Menurut Prasetyo yang terpenting baginya, pada rekaman tersebut terdapat substansi perbuatan pidana.
"Pidana itu mencari kebenaran materiil, yang penting substansinya benar atau tidak," kata Muhammad Prasetyo di Kejaksaan Agung, Kebayoran Baru, Jakarta, Jumat (4/12/2015).
Jaksa Agung menegaskan rekaman pembicaraan tersebut bukan bentuk penyadapan, melainkan bentuk perekaman pembicaraan biasa.

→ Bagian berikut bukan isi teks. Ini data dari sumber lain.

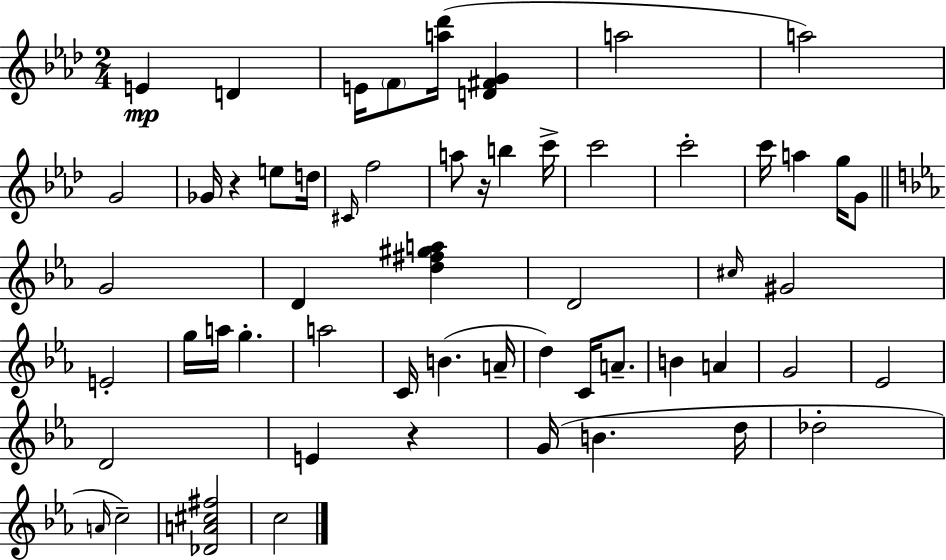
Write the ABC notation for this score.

X:1
T:Untitled
M:2/4
L:1/4
K:Ab
E D E/4 F/2 [a_d']/4 [D^FG] a2 a2 G2 _G/4 z e/2 d/4 ^C/4 f2 a/2 z/4 b c'/4 c'2 c'2 c'/4 a g/4 G/2 G2 D [d^f^ga] D2 ^c/4 ^G2 E2 g/4 a/4 g a2 C/4 B A/4 d C/4 A/2 B A G2 _E2 D2 E z G/4 B d/4 _d2 A/4 c2 [_DA^c^f]2 c2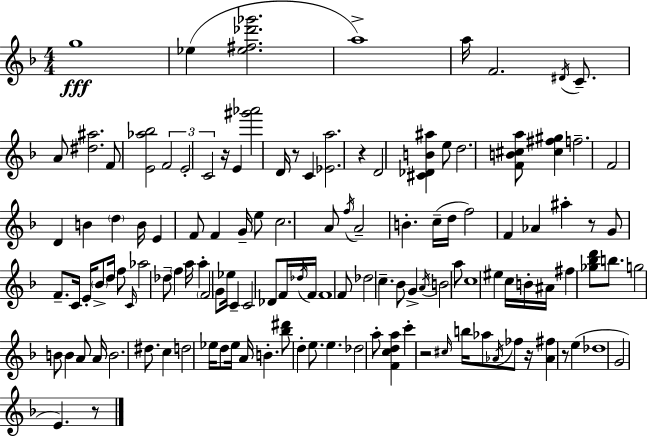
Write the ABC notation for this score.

X:1
T:Untitled
M:4/4
L:1/4
K:Dm
g4 _e [_e^f_d'_g']2 a4 a/4 F2 ^D/4 C/2 A/2 [^d^a]2 F/2 [E_a_b]2 F2 E2 C2 z/4 E [^g'_a']2 D/4 z/2 C [_Ea]2 z D2 [^C_DB^a] e/2 d2 [FB^ca]/2 [^c^f^g] f2 F2 D B d B/4 E F/2 F G/4 e/2 c2 A/2 f/4 A2 B c/4 d/4 f2 F _A ^a z/2 G/2 F/2 C/4 E/4 _B/2 d/4 f/2 C/4 _a2 _d/2 f a/4 a F2 G/2 _e/4 C C2 _D/2 F/4 _d/4 F/4 F4 F/2 _d2 c _B/2 G A/4 B2 a/2 c4 ^e c/4 B/4 ^A/4 ^f [_g_bd']/2 b/2 g2 B/2 B A/2 A/4 B2 ^d/2 c d2 _e/4 d/2 _e/4 A/4 B [_b^d']/2 d e/2 e _d2 a/2 [Fcda] c' z2 ^c/4 b/4 _a/2 _A/4 _f/2 z/4 [_A^f] z/2 e _d4 G2 E z/2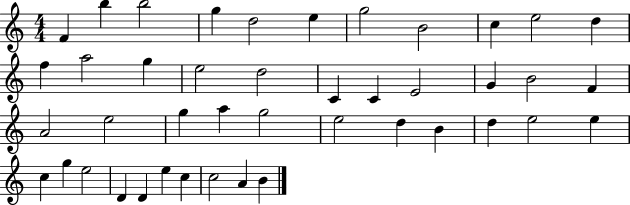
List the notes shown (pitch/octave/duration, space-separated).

F4/q B5/q B5/h G5/q D5/h E5/q G5/h B4/h C5/q E5/h D5/q F5/q A5/h G5/q E5/h D5/h C4/q C4/q E4/h G4/q B4/h F4/q A4/h E5/h G5/q A5/q G5/h E5/h D5/q B4/q D5/q E5/h E5/q C5/q G5/q E5/h D4/q D4/q E5/q C5/q C5/h A4/q B4/q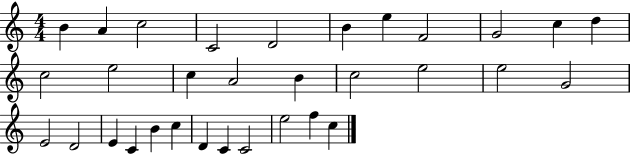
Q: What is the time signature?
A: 4/4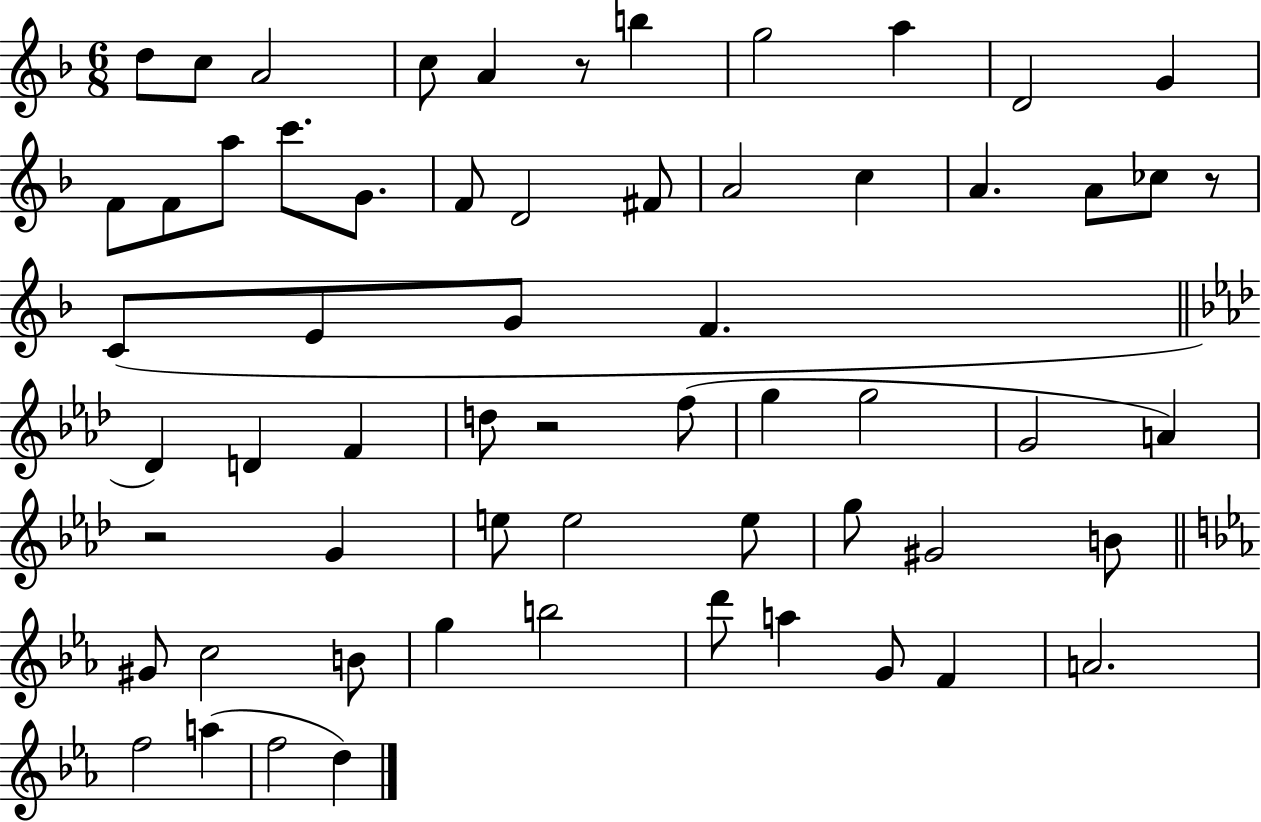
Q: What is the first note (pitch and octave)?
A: D5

"Penyadapan diatur oleh ketentuan, itu hanya pihak tertentu yang bisa melakukan penyadapan. Kejaksaan bisa menyadap, tapi harus ada persetujuan dari pengadilan," katanya.
Rekaman pembicaraan tersebut sempat dipermasalahkan beberapa anggota Mahkamah Kehormatan Dewan (MKD).
Menurut mereka sebagai alat bukti keabsahan rekaman tersebut ilegal karena diambil tanpa sepengetahuan pihak dalam pembicaraan itu.
Sebelumnya, Menteri Energi dan Sumber Daya Mineral Sudirman Said melaporkan Ketua DPR RI Setya Novanto ke Mahkamah Kehormatan Dewan (MKD) pada Senin (16/11/2015).
Pelaporan itu dilakukan karena Sudirman mengetahui Setya mencatut nama presiden dan wakil presiden saat bertemu Direktur Utama PT Freeport Indonesia Maroef Sjamsuddin dari sebuah rekaman pembicaraan.
Dalam pertemuan tersebut Ketua DPR meminta sejumlah saham guna memuluskan negosiasi perpanjangan kontrak karya pengelolaan wilayah Tembagapura, Papua oleh perusahaan tambang asal negeri Paman Sam itu.